Last week, I felt my diet, and my sanity, slipping away. Felt cornered, felt slovenly, felt lazy, felt like all my hard work was falling apart. I had been feeling that way for at least the previous six weeks as well. This week I thought, "it's time, this is my body, I need to take care of business and stop dicking around, no one else can implant willpower into my brain or move my fat ass for me."
So in spite of being sick two days this week and not exercising those days, I ate very carefully, stuck to my guns, and lost three pounds (and I didn't even poop before weighing in).
You see, one of the few things I like about myself and have confidence in, is that I respond to pressure, and respond well.

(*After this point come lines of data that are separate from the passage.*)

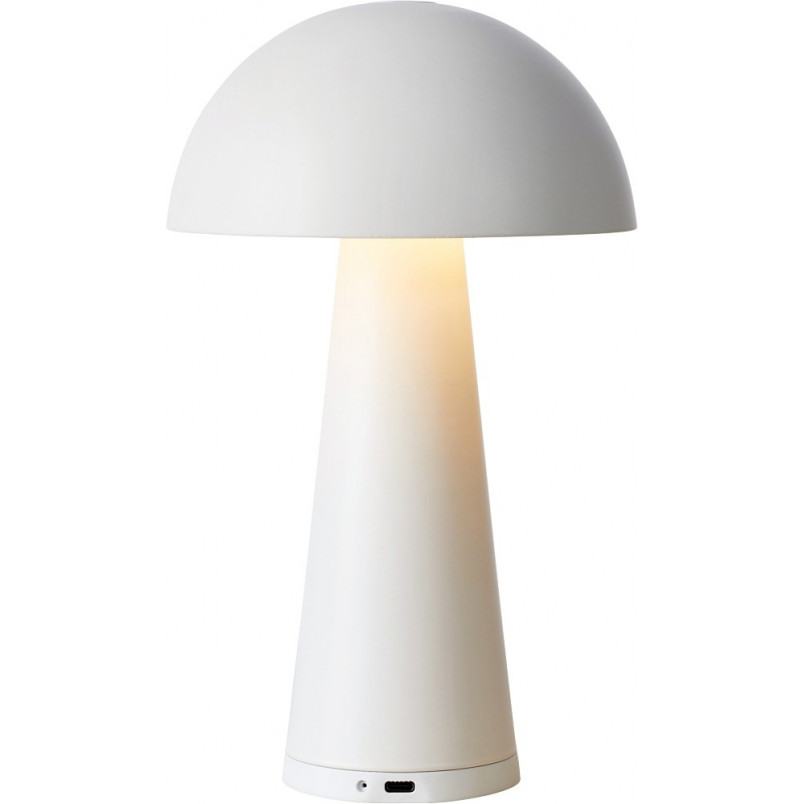 Lampa ogrodowa Fungi LED biała - Markslojd | Oświetlenie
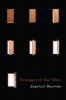 Strangers at Our Door (Paperback) - Zygmunt Bauman Photo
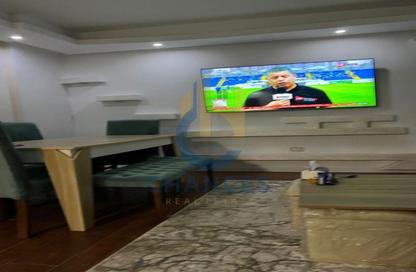 Apartment - 2 Bedrooms - 1 Bathroom for sale in Darna - Zahraa El Maadi - Hay El Maadi - Cairo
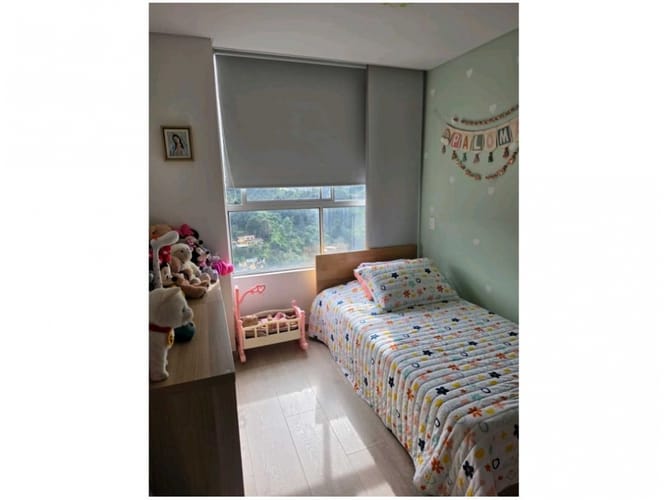 Apartamento de 3 alcobas en venta en Camino Verde, Medellín, 80 m² · foto 15 de 16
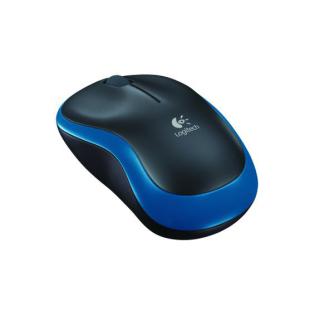 M185 Mysz bezprzewodowa 910-002239 Blue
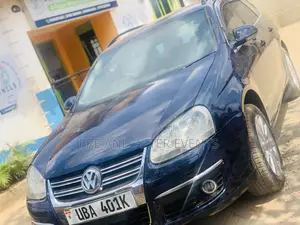 Volkswagen Golf Variant 2010 Blue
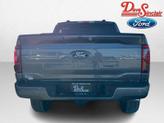 Thumbnail of 2025 Carbonized Gray Metallic Ford F-150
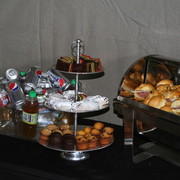 The 2011 Arabian Breeder Finals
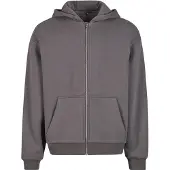 Build Your Brand Sweat-shirt à Zip By285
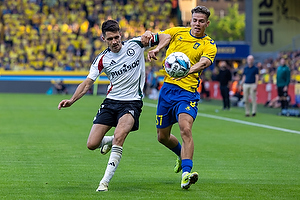 Clement Bischoff  (Brndby IF)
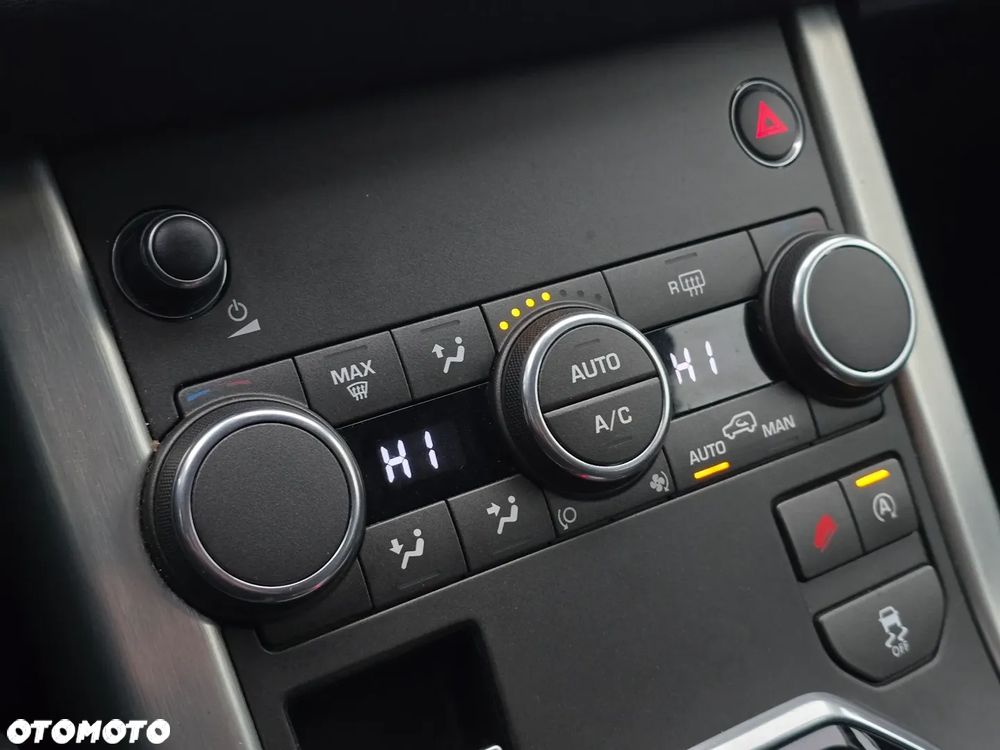 Land Rover Range Rover Evoque 2.0TD4 Autobiography - 29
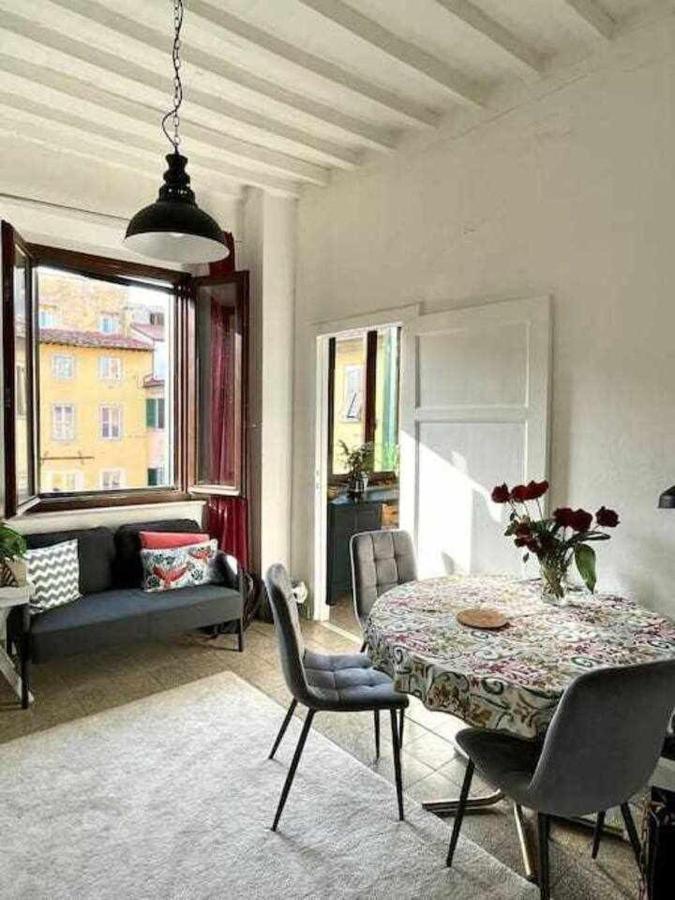 Pisa Appartamento Notari Exteriér fotografie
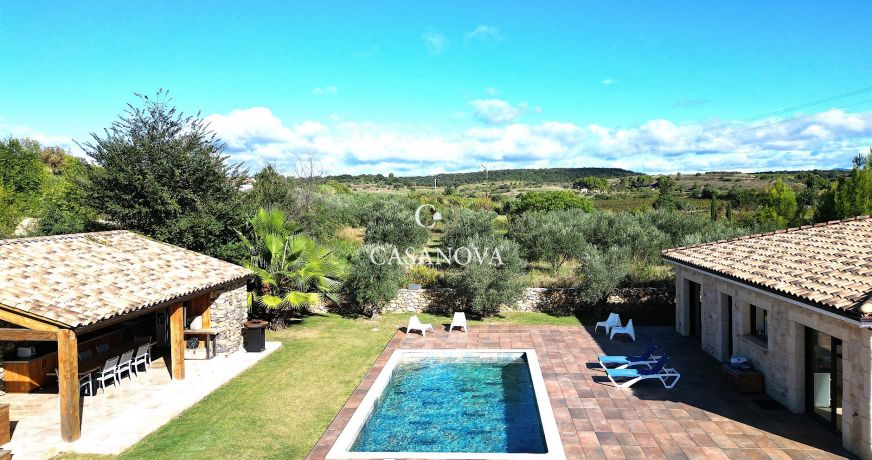 vente Villa Pezenas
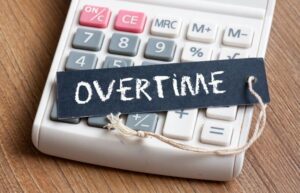 Wrong Overtime Rate and Miscalculation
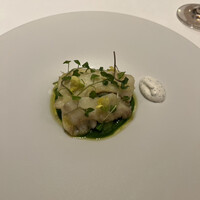 リストランテ フォンタナ - 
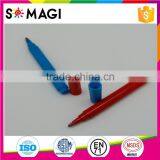 Non-toxic Multi-use Ideal Food Grade Ink Erasable Wine Glass Pens 8pack For Dishwasher Safe Erasable Wedding Wine Charms thumbnail-5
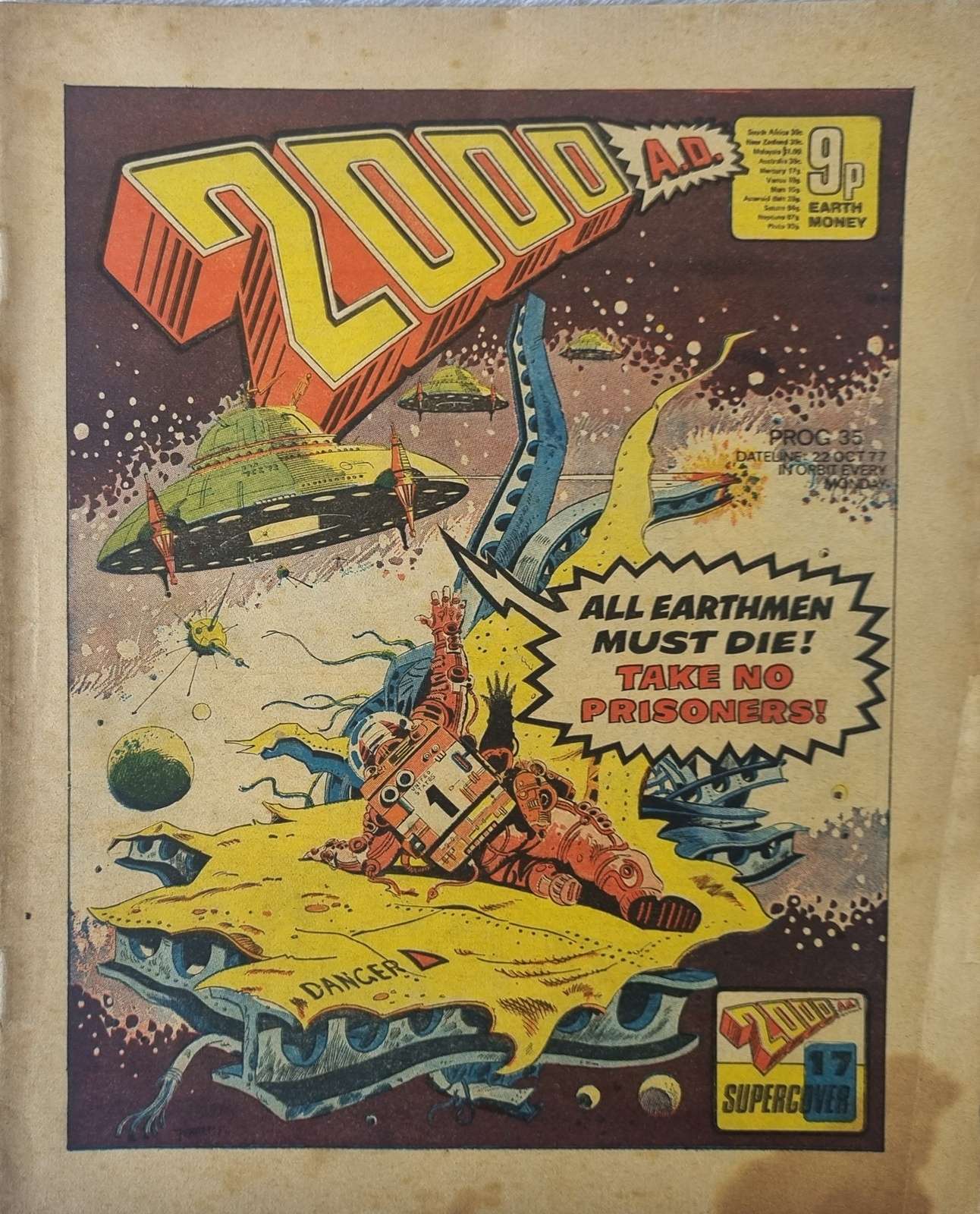2000 AD Prog #35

Maybe I let my rut get out of control because subconsciously I knew it would reach my tipping point, and then my type A would take over and I would kick my own ass again. Maybe just last week I noticed the tipping point was near and that I was a mess and in the process of failing slowly.
Regardless of the impetus I felt the pressure, and was frightened to break it down and realize how old I am getting, how young my loved ones are dying, and that this is my last dance. So how do I want to feel, who do I want to be, and how do I want to go out and spend my only trip on this spinning ball of rock?
How do YOU want to go out? It's time to change our way of caring about ourselves...whether it is the crushing on your chest and joints from pounds, or the pounding in your brain from the crushing pressure, it's time to turn it around...flip the grid and use the pressure to make a change, as time waits for no one.